障害者団体の中には、スムーズな団体運営ができないため「事務局を社会福祉協議会で引き受けてほしい」「各障害者団体をまとめた組織を作ってほしい」などの要望があります。
- 福祉団体の育成を図るための補助や、団体の行事などに補助しています。
- 地区社会福祉協議会との連携による事業推進
- ボランティア活動の振興
やさしいまち、誰もが安心して暮らせるまちづくりを目指し、ボランティアの育成および活動への支援などを行っています。- ボランティアセンター事業(市から受託)
- ボランティア団体への活動支援(ボランティア基金運用益からの助成、機材の貸出)
- 秋田市ボランティア連絡協議会との連携
障害のある人のボランティア活動については、活動する側・受ける側双方の理解を深めていくことが今後の課題となっています。

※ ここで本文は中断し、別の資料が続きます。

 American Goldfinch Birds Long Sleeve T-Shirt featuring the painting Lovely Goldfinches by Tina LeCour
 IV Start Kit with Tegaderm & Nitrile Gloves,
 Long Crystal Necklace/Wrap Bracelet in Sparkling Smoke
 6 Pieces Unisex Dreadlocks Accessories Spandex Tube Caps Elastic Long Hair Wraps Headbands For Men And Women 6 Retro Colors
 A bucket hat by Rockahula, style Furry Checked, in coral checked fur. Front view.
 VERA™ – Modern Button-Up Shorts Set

また、障害のある人の社会参加を支援するためには、ボランティアの育成などの体制の強化も必要となってきています。
- 在宅福祉サービスの実施
在宅介護の負担軽減や日常生活の支援および当事者の社会参加のため、次の事業を実施しています。- 福祉機器の貸出
- 移送車の貸出事業
- 「遊びリテーションくらぶ」の開催
- 在宅福祉機器のリサイクル事業
- 受託事業
- ホームヘルパー(訪問介護員)派遣事業
- 市民参加型ホームヘルパー(訪問介護員)派遣事業
- 巡回入浴車派遣事業
- ガイドヘルパーおよび手話通訳者派遣事業
注:「遊びリテーションくらぶ」とは、痴呆性老人・要介護老人とその家族を対象に、リフレッシュやリハビリなどを目的に、福祉施設・ボランティアなどの協力を得て実施しています。年に5回開催し、1回あたり15組が参加しています。

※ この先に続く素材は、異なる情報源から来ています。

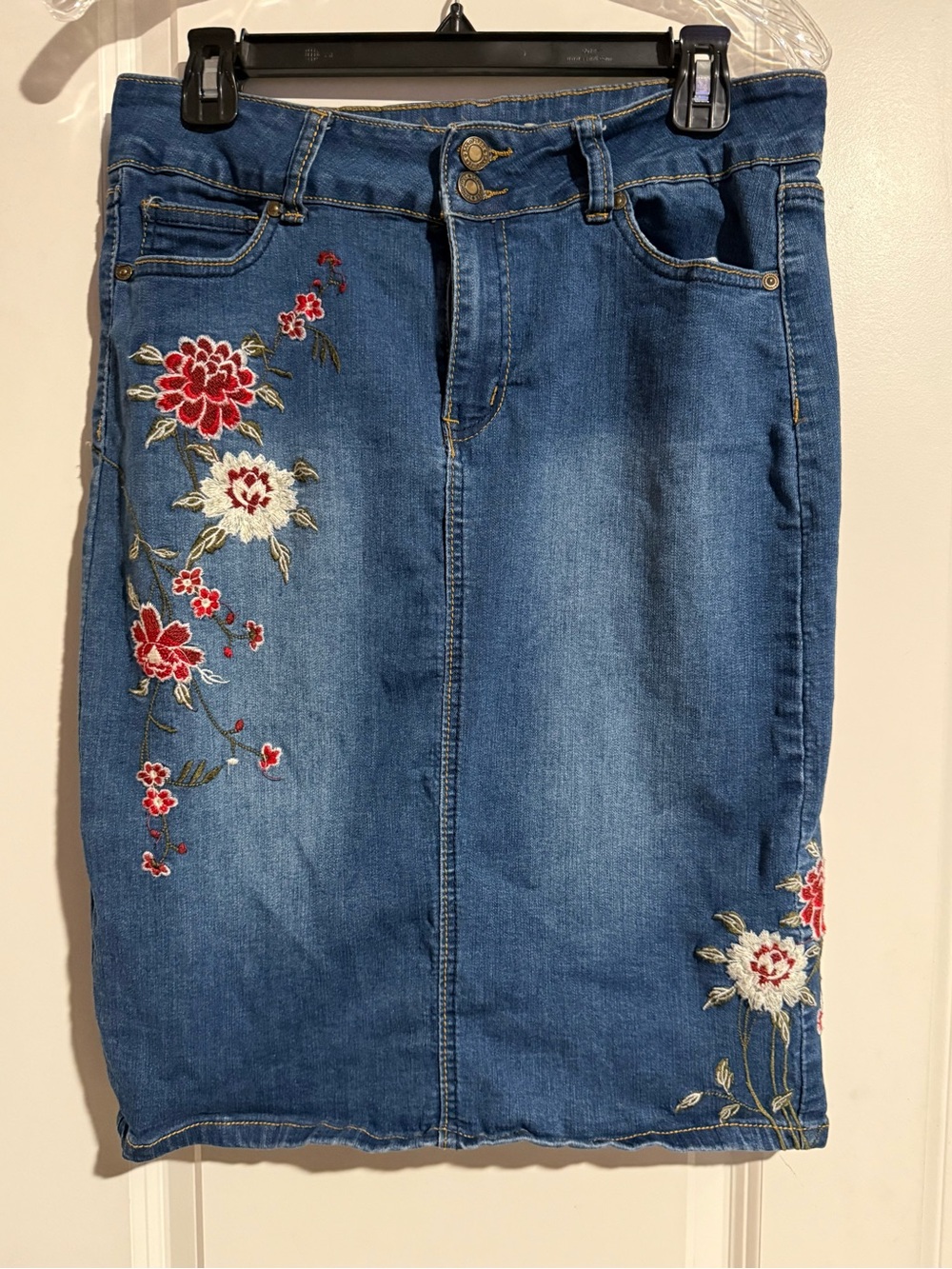Embroidered Blue Denim Women’s Jean Skirt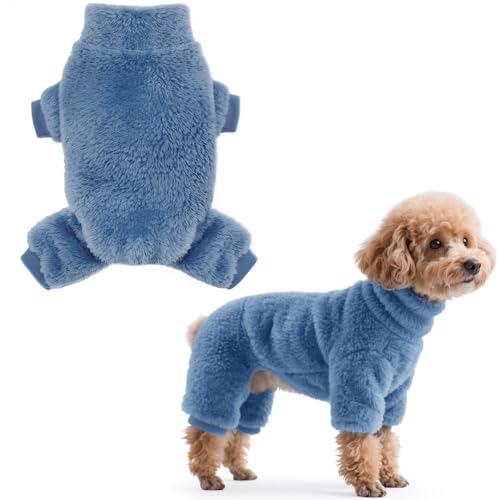 Idepet Velvet Dog Pajamas, Turtleneck Pet Sweater Fuzzy Plush Onesie Soft Cat Apparel Pet Clothes Winter Outfit Doggy Pjs Puppy Jumpsuit for Small Dogs Cats (Blue,M) - color: Blue, size: Medium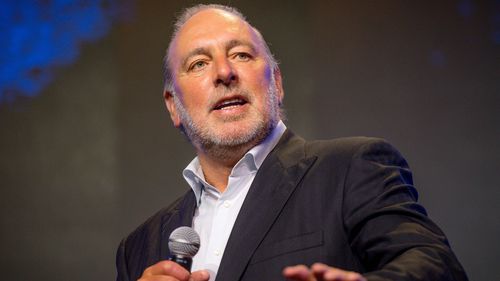 Global Senior Pastor Brian Houston speaks on stage during the Hillsong Atlanta grand opening on June 6, 2021 in Atlanta, Georgia. (Photo by Marcus Ingram/Getty Images)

行政サービスで対応できない部分について社会福祉協議会の役割は重要となってきています。そのためには、社会福祉協議会が行っている独自事業の拡充と新たな事業展開が必要です。
福祉機器の貸出事業については、機器の台数不足により迅速に対応できないこと、機器の総台数の増加に伴い維持管理が困難になってきていること、貸出の拠点が1カ所しかないことが課題となっています。
また、移送車の貸出事業は、運転手を確保しないと利用できないことや、PR不足のため、サービスの内容がよく知られていないので利用件数が少ない状況にあります。
「遊びリテーションくらぶ」は、参加者から「毎回参加できることを楽しみにしている」「表情が明るくなった」「車いすから杖歩行ができるようになった」などと好評で、この催しに参加したいという人も増えています。しかし、ボランティア・職員などの協力スタッフの確保や移動手段などの面から、参加定員の増は難しい状況です。
- 総合的な相談・生活支援活動の実施
福祉への要望を持つ市民への総合的な相談活動、生活支援活動を実施しています。- ふれあい福祉相談センター事業
- 生活福祉資金貸付業務の窓口(低所得者世帯)
- 市民小口資金の貸付(低所得者世帯)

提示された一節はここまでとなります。